Monday, January 19, 2009

Gender Differences in Leadership

What do you think?

Despite expertise and education, women are simply not gaining access to top corporate positions in numbers that correlate to readiness. Consider:

· Under 2 percent of the top five earners at Fortune 500 and 1000 companies are women
· 97.5% of CEOs of large corporations are men
· The majority of college graduates are women

Contrary to popular beliefs and politically correct assumptions, IMPORTANT gender differences do exist. When comparing men and women leaders’ inherent personality traits and risk factors for derailment with validated psychometric assessment instruments*, the averaged results reveal differences that matter.

Women tend to be warmer, compassionate, supportive, and better at building and maintaining relationships. Unfortunately, they have more significant risks as “Worriers” which translates to being cautious, slow decision makers who tend to over-analyze because of the fear of failure.

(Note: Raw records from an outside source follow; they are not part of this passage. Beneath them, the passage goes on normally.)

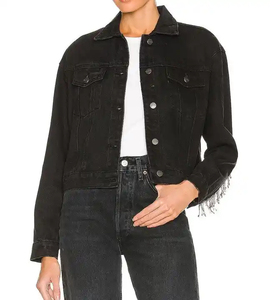 Women's Dark Blue Washed Denim Trucker Jacket Turn Down Collar Long Sleeve <b>Button</b> Up Short <b>Coat</b> Wholesale Denim Outerwear - Product Image 6
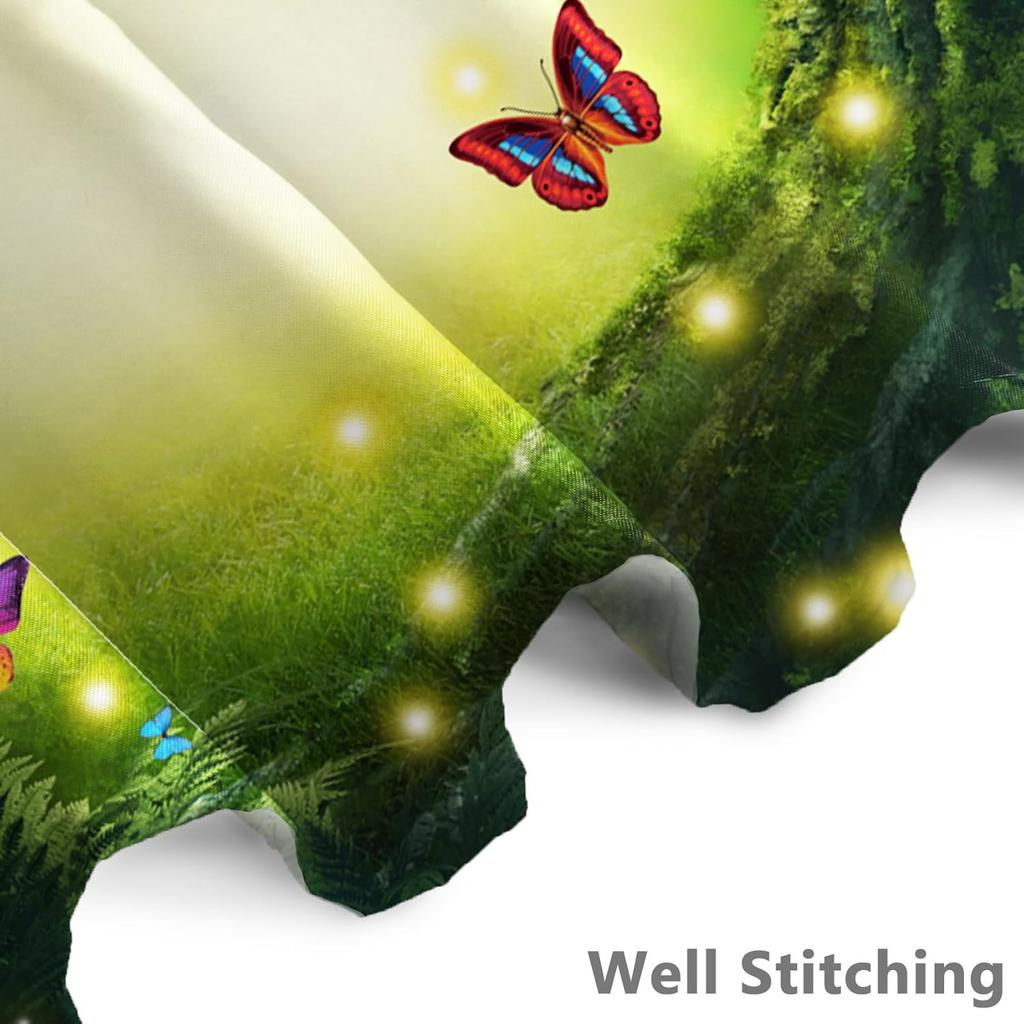 Renaiss 72x72 Inches Enchanted Forest Shower Curtain Magic Green Forest Tree Butterflies Meadow Tropical Jungle Fairy Tales Wond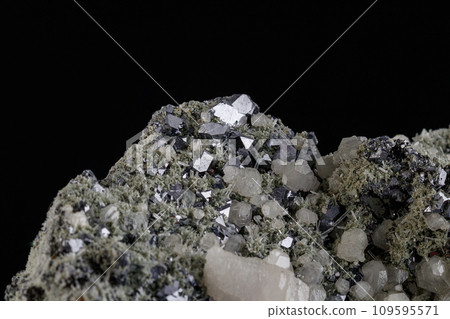 macro stone mineral Quartz Calcite Sphalerite Galena on a black background 109595571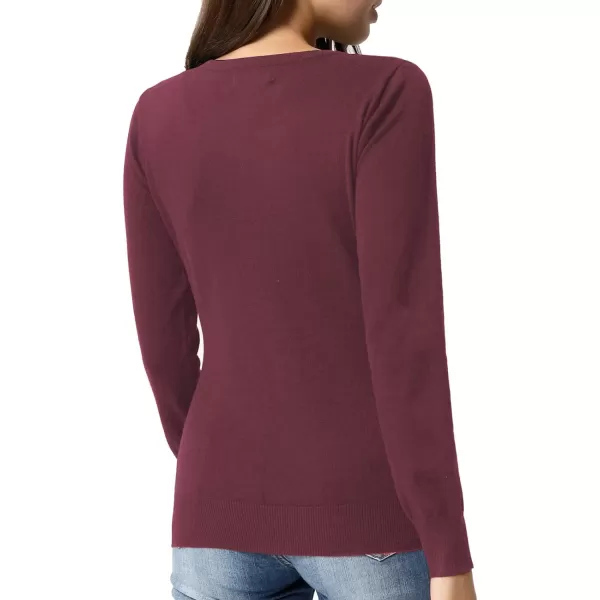 GRACE KARIN Womens Long Sleeve Button Down Crew Neck Classic Sweater Knit CardiganPurple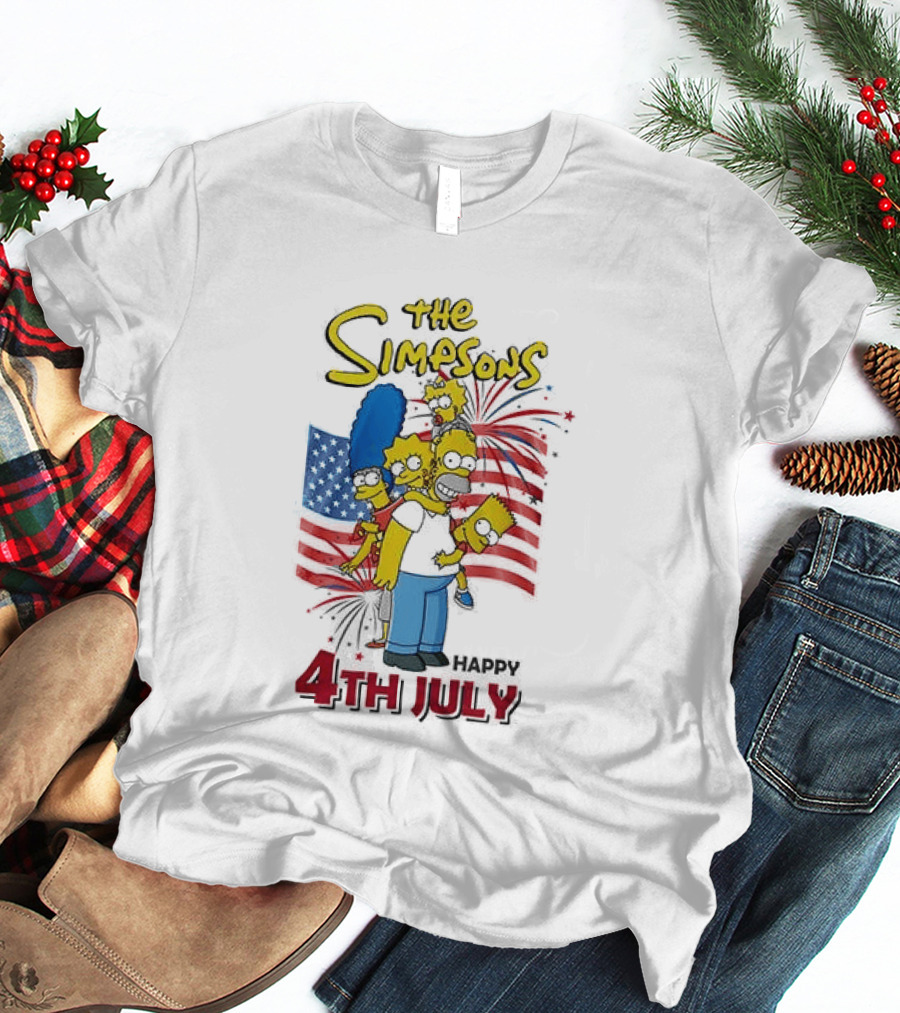 The Simpsons 4th July 250th USA Anniversary Celebration T-Shirt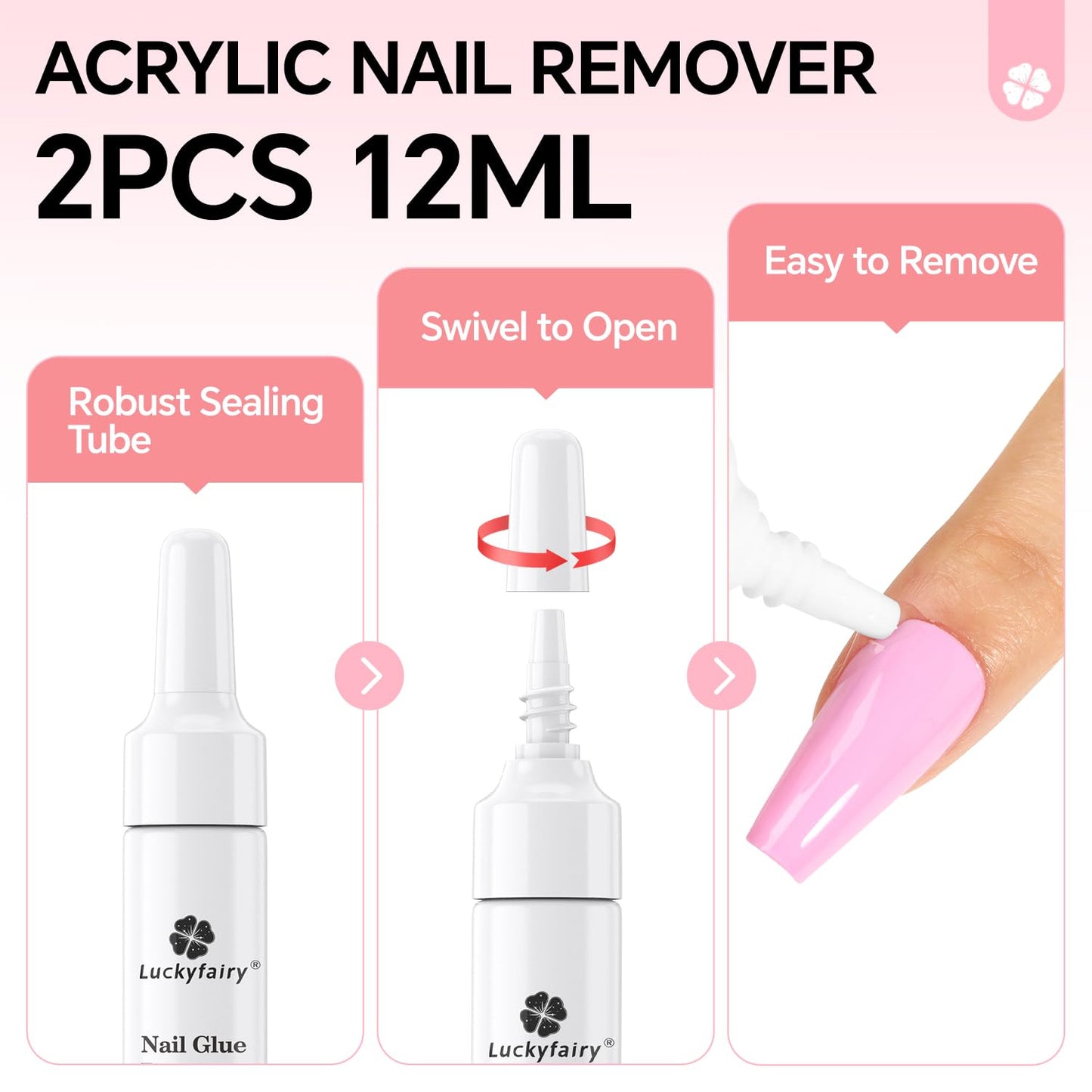 Nail Glue Remover for Press on Nails Semi Solid Nail Glue Acetone-Free, Not for
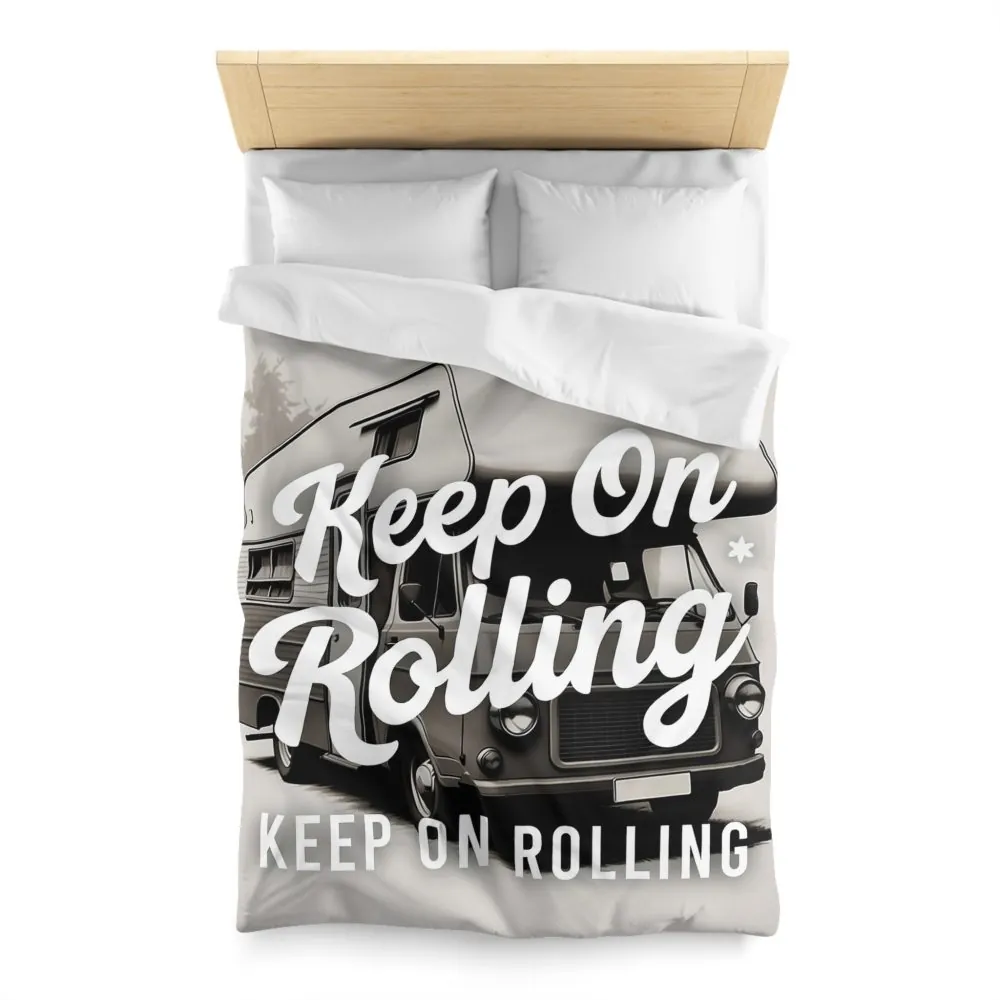 8490407470982164434_2048.jpeg Duvet Cover — "Keep On Rolling" Retro Motorhome Bedding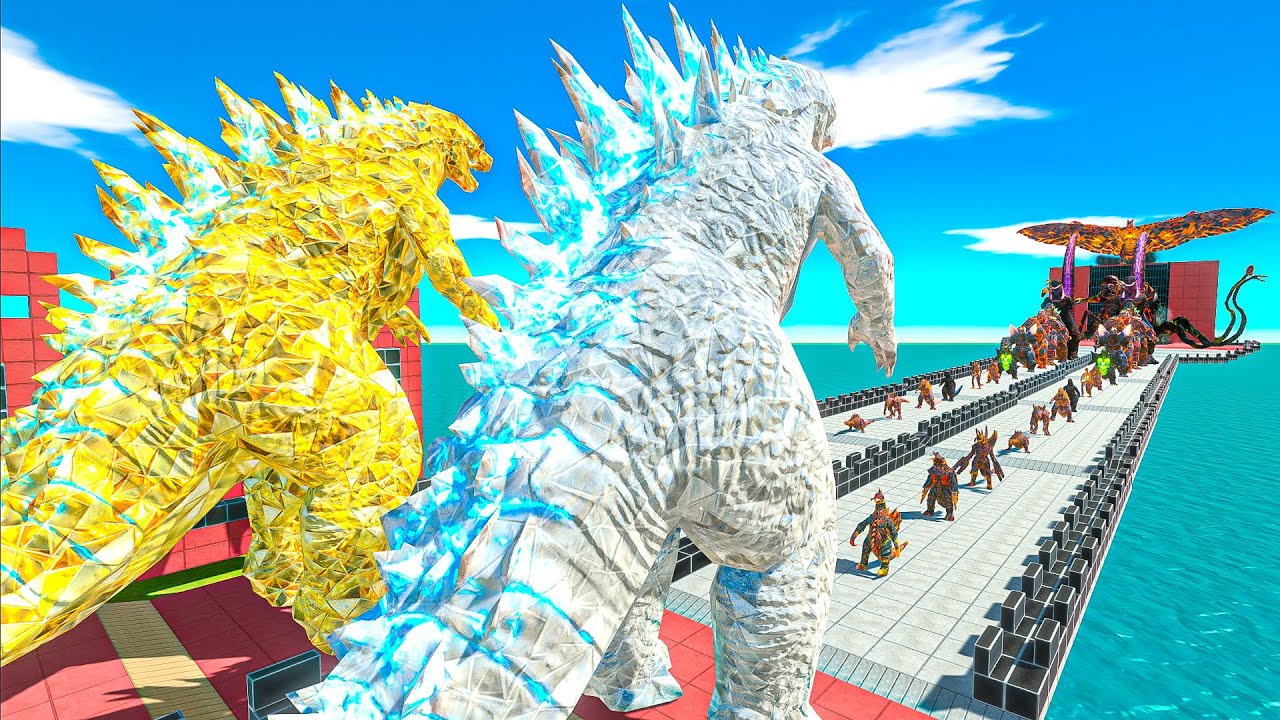 EVOLVED Gold Godzilla Or Silver Godzilla 10 Sizes Challenge vs Team LAVA Biollante + Rodan - ARBS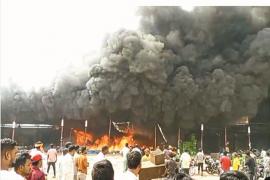 A major accident occurred at the airport, as a ground service bus parked near an aircraft at Terminal 3 caught fire.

Men, on the other hand, tend to be more candid and direct and may be more strategic than operationally inclined. Men have more significant risk factors as Egotists, Rule Breakers, and Upstagers. This means men are more outspoken, bold, arrogant, prankish, willing to challenge, stubborn, limelight seeking, and tend to fight (and succeed) more intensely on the corporate ladders.

So, it turns out that under stress or when the heat is on, men tend to be more aggressive, outspoken, and argumentative. Men tend to "move against" the "opposition" or those in their way. On the other hand, (many) women -- under the same tension or conflict will go back and re-study or over-analyze rather than fight for turf or power. With women where there is a greater instance of "worrier" profiles, they will move away from the conflict or stress point.

These "tendancies" are based on averages on the leader profiles of the research group. (Women N=120; Men N=111)

How does this mesh with your experience? Your thoughts?